____ Dataset records
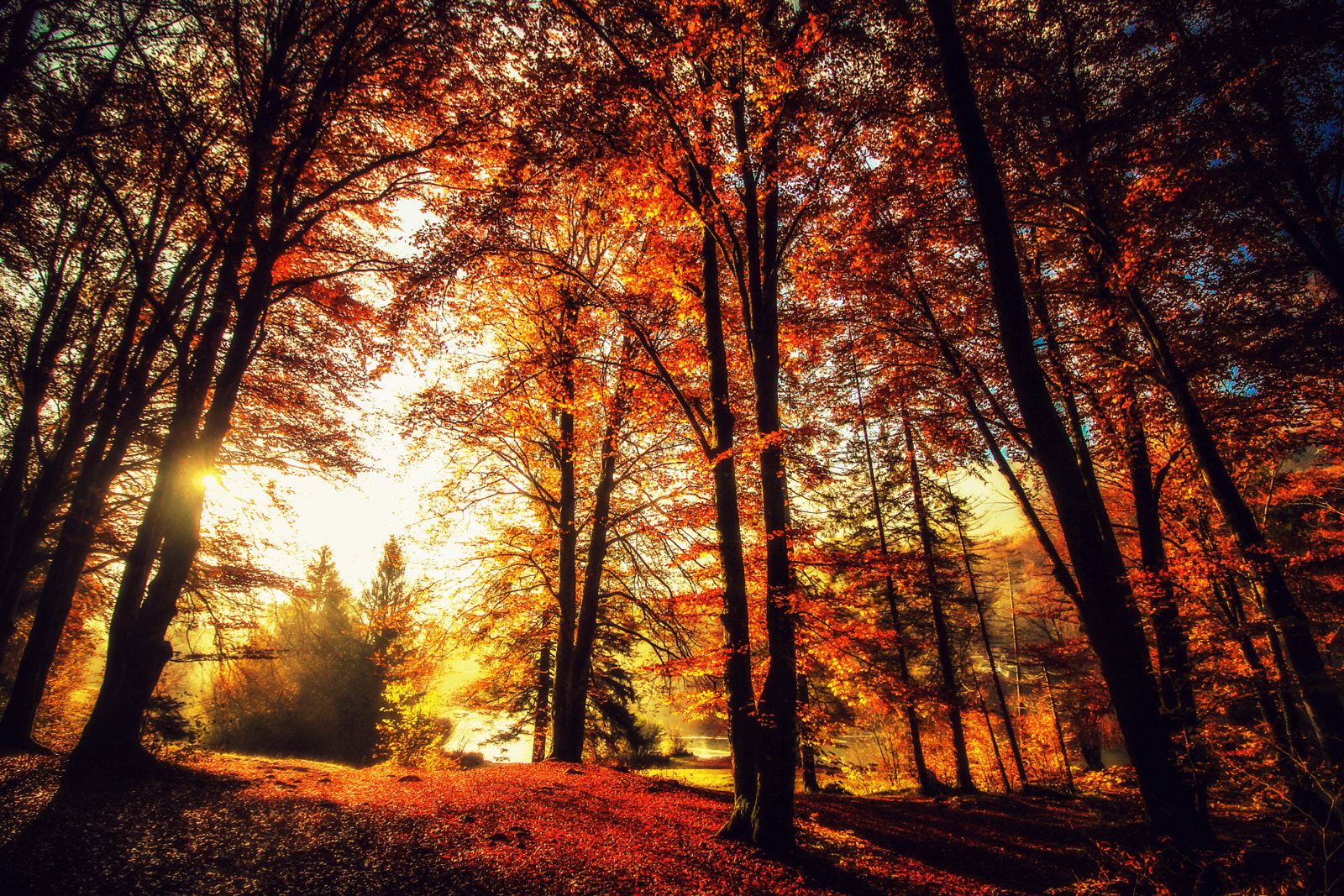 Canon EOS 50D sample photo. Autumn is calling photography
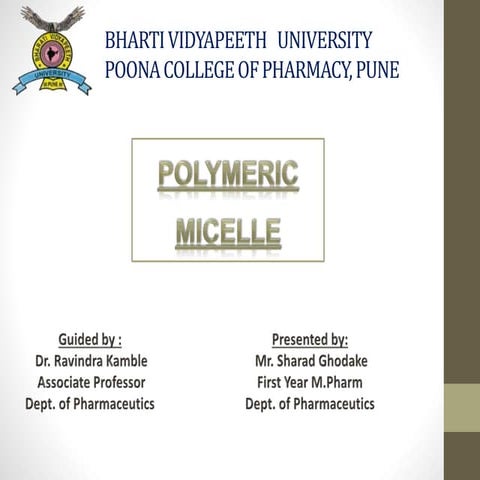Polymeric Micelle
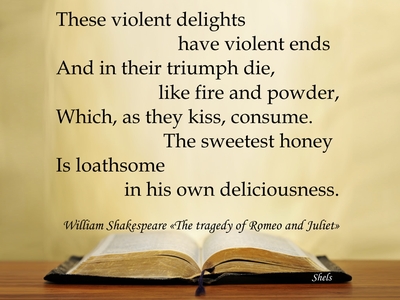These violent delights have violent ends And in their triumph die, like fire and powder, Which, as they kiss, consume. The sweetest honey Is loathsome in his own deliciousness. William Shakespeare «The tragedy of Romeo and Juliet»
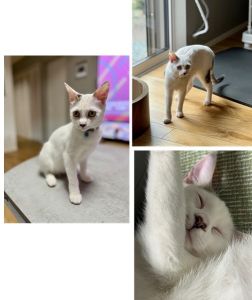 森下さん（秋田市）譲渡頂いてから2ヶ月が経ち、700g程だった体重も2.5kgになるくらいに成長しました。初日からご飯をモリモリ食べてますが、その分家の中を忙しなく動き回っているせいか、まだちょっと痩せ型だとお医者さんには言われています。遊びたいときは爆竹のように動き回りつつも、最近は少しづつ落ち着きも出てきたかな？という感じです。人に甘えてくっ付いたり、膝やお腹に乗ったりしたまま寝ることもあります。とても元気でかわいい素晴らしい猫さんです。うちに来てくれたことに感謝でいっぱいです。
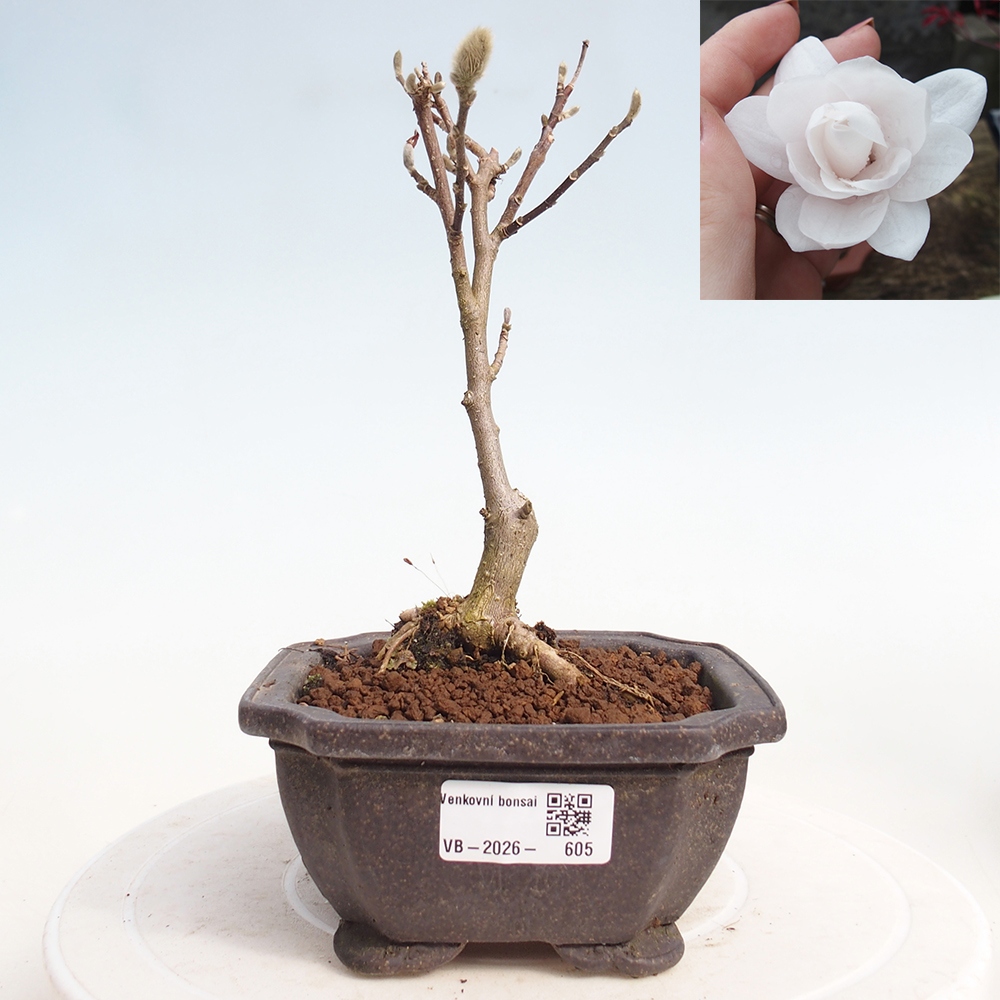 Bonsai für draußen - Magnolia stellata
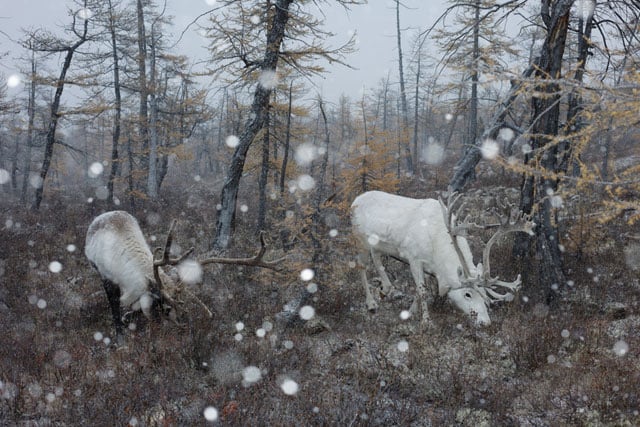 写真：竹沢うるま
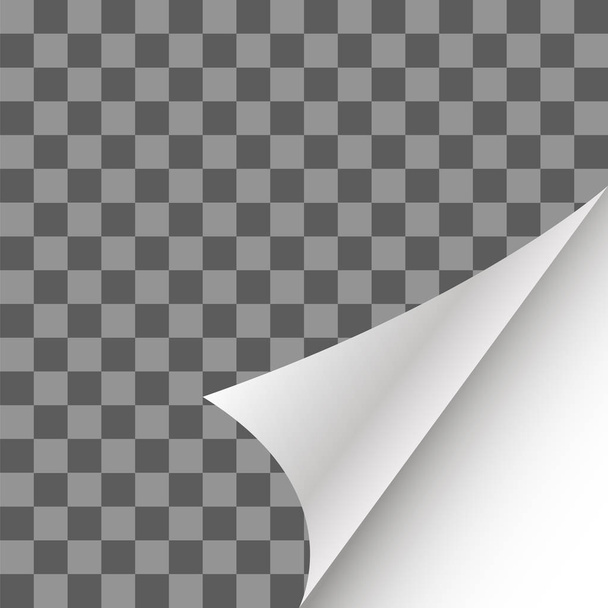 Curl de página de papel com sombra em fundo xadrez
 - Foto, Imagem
________
Above are the records. Copy exactly, and only, the lines from the line containing "Polymeric Micelle" through the last one, omitting any pictures.

Polymeric Micelle
These violent delights have violent ends And in their triumph die, like fire and powder, Which, as they kiss, consume. The sweetest honey Is loathsome in his own deliciousness. William Shakespeare «The tragedy of Romeo and Juliet»
 森下さん（秋田市）譲渡頂いてから2ヶ月が経ち、700g程だった体重も2.5kgになるくらいに成長しました。初日からご飯をモリモリ食べてますが、その分家の中を忙しなく動き回っているせいか、まだちょっと痩せ型だとお医者さんには言われています。遊びたいときは爆竹のように動き回りつつも、最近は少しづつ落ち着きも出てきたかな？という感じです。人に甘えてくっ付いたり、膝やお腹に乗ったりしたまま寝ることもあります。とても元気でかわいい素晴らしい猫さんです。うちに来てくれたことに感謝でいっぱいです。
 Bonsai für draußen - Magnolia stellata
 写真：竹沢うるま
 Curl de página de papel com sombra em fundo xadrez
 - Foto, Imagem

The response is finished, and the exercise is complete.